- MBS Close up 9 ticks at 100-30. CC yield at 4.366%. Yield Spreads Much Wider into Close.
- 10yr yields down around 10bps at 3.6
- Both markets at or near LONG term resistance.
- known unknown: how much of the volume is here for organic economic factors vs. Greece et. al.'s flight to safety?
- NFP will be telling
- Until then, nothing new is confirmed. (or rejected for that matter)
Groggy Monday originatin' eyes opened to some healthy gains this AM in both MBS and treasuries. By 10am eastern, we'd touched what would prove to be the highs of the day using 3pm marking as the official close. Markets drifted a bit higher in price after that, but it's clear from the charts what levels bonds were targeting and what time they would be hit. Probably a good idea to look at those charts, eh?
And in case you don't remember these levels from blogs of bygone days and are asking "so what?", allow me to retort.
Guess what... What 10yr yields HAVE NOT MEANINGFULLY BROKEN CURRENT LEVELS ALL YEAR (since mid December 09), it's time to get really ready to lock. Similarly, when MBS move over 100-28, IT HAS BEEN A PROFIT TAKING SIGNAL SINCE LAST SUMMER, and recently, that signal has only made it as high as 101-05, which is not even a quarter of a point away from current levels.

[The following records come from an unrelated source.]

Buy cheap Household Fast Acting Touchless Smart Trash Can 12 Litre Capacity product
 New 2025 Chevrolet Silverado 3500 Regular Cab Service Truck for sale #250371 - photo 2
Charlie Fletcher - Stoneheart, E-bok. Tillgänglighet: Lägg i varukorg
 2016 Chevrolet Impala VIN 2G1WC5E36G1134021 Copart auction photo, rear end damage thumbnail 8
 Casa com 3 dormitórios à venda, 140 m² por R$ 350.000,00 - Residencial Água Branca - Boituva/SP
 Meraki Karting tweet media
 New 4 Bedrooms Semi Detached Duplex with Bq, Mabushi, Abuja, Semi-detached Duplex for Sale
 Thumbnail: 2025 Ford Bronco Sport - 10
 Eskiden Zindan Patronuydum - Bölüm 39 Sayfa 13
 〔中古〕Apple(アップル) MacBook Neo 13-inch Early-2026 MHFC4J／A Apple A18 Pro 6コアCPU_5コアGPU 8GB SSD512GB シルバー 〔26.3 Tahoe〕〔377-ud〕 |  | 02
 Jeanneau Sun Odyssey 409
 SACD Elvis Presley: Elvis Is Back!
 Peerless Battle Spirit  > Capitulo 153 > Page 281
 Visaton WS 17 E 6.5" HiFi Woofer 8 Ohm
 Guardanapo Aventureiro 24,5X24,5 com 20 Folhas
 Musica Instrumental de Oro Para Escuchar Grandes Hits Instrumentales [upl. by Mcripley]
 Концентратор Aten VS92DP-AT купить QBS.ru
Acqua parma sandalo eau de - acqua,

The point is that today's rally didn't BREAK any trends, and it CHALLENGES some longer standing and more durable trends at the extreme limits of short, medium, and even longer term ranges (or comes close in the case of MBS). The logic that has been serving us so well for so long dictates we're looking for locking opportunities now. If you're a bit more aggressive on that front, some might wait for NFP to shed some light on how important the data is versus the EU drama, but to hope for the 10yr to hit 3.5 would be to bet on a bigger shift in sentiment than we've seen since mid December.
But let's be clear... There's certainly no reason we couldn't see such a shift! The important thing though, is that we haven't seen it yet, and the habit of "not acting like we've seen it until we've seen it," has served us better than worse for a long time. Stocks are making that risky bet a bit more tempting by playing dead:
But are they playing? or are they dead? What does experience tell you?
Listen folks... I'm just as hopeful as the next guy that stocks DO break lower and the 10yr DOES re-test 3.5 and the 4.5 DOES spend some more time in the 101's. All I'm advocating is PATIENCE on CHANGING HOW YOU MANAGE YOUR PIPELINE until such a time as old trends are broken and we stand a better chance of heading back there than not. In the context of recent months and even during several time periods in 09, that means a predisposition toward locking (assuming rate sheets are reflecting gains somewhat), while we're at these levels. At the very least, extreme vigilance for changes or obvious signs of adherence to the range is in order.